We are totally overwhelmed by questions, lack of experience, and lack of knowledge that 99% of us never start anything. This is so absurdly common that i’m surprised more people haven’t made courses dealing with this.
The vast majority of new entrepreneurs encounter a chronic failure-to-launch.
The internal thought process goes something like this:
Got a new business idea, super excited. This could be a big one. Wait, don’t get ahead of yourself. Do I know if there’s a market for this? Am I going to like the day to day work? How do I go about this.. is there a way to test beforehand? How many hours is that going to take? (Briefly calculates free time, what free time is worth in dollars, etc.) . Do I commit or do I drop this thing? Do I have enough time to really go all out? I wonder how much I can do in 3 hours a day – no, wait, I should probably push myself harder. I’ll get up at 7 instead of 7:45.
It’s like the mental process of a madman. And all that internal chatter prevents us from doing the only important thing: doing something.
A lot of entrepreneurs you talk to will talk about “that phase” which usually lasts a few years, where you’re trying to test out ideas to see what sticks, you’re trying to see what you really are passionate about, you’re trying to test out the market and position yourself. In other words, a few years before you’ve started anything.
This is a guide to setting up (in 24 hours) and knowing (within a week) whether or not to commit to a project.
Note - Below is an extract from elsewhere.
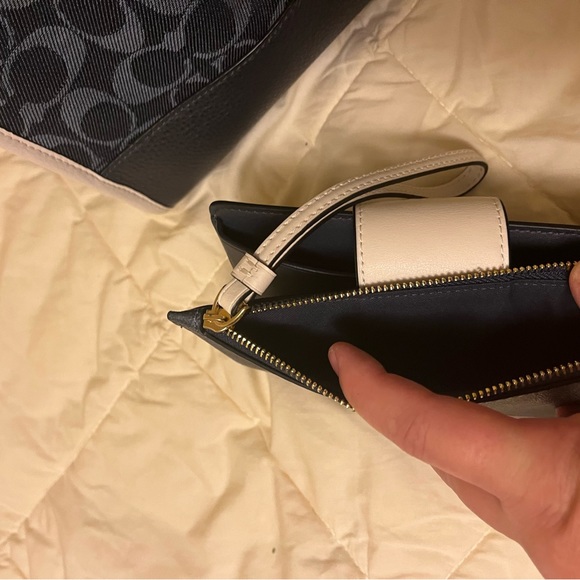 Coach tote and wallet new never used. - Picture 3 of 16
This is a guide to STARTING SOME SHIT.
Alright, here’s the premise: selling a product that doesn’t exist already, by using landing pages and paid traffic. It’s something that a lot of online gurus recommend, and is one of the ways Tim Ferriss recommends testing a muse for a potential market.
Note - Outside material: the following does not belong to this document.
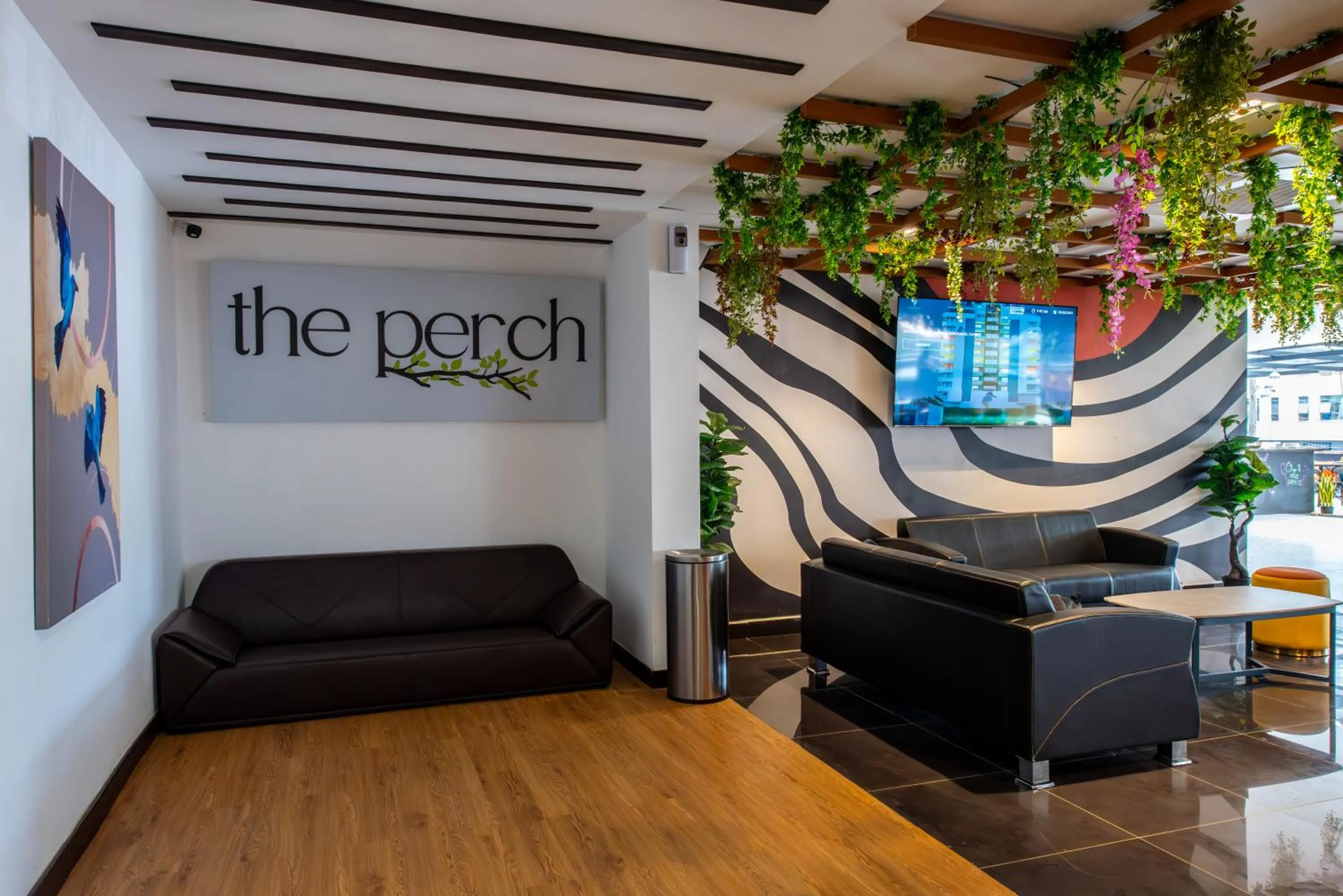 Restaurant/places to eat in Kingfisher Nest Hotel Suites- Westlands, Near Sarit Center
Total Time Required: 30 hours
Total Money Required: $50-150
Total Time Saved: Potentially years
Step 1: Set up your website (and do some research)
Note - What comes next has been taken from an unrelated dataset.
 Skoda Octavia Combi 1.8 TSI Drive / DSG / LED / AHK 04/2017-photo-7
You’re going to be driving traffic to a website, by using keywords (Facebook Ads/Adwords), meaning you should do some smart SEO and have your “.com” as a smart keyword too.
I hopped on over to Google Keyword Tool and started researching some keywords.
So for example, you are wondering about three products you want to create: a course on fixing homesickness, a product that’s green tea for weightloss, and a product for curing asthma.
Let’s check out the keywords and competition for the first one:
You’re basically checking for two things: To see if there’s a market, and to see the competition (keyword-wise).
I can’t really give you a good idea of how much traffic is enough traffic – but I can tell you that less than 5 or 10,000 global monthly searches is not a lot.
So #1 is it obvious people are searching for it, and is it a problem?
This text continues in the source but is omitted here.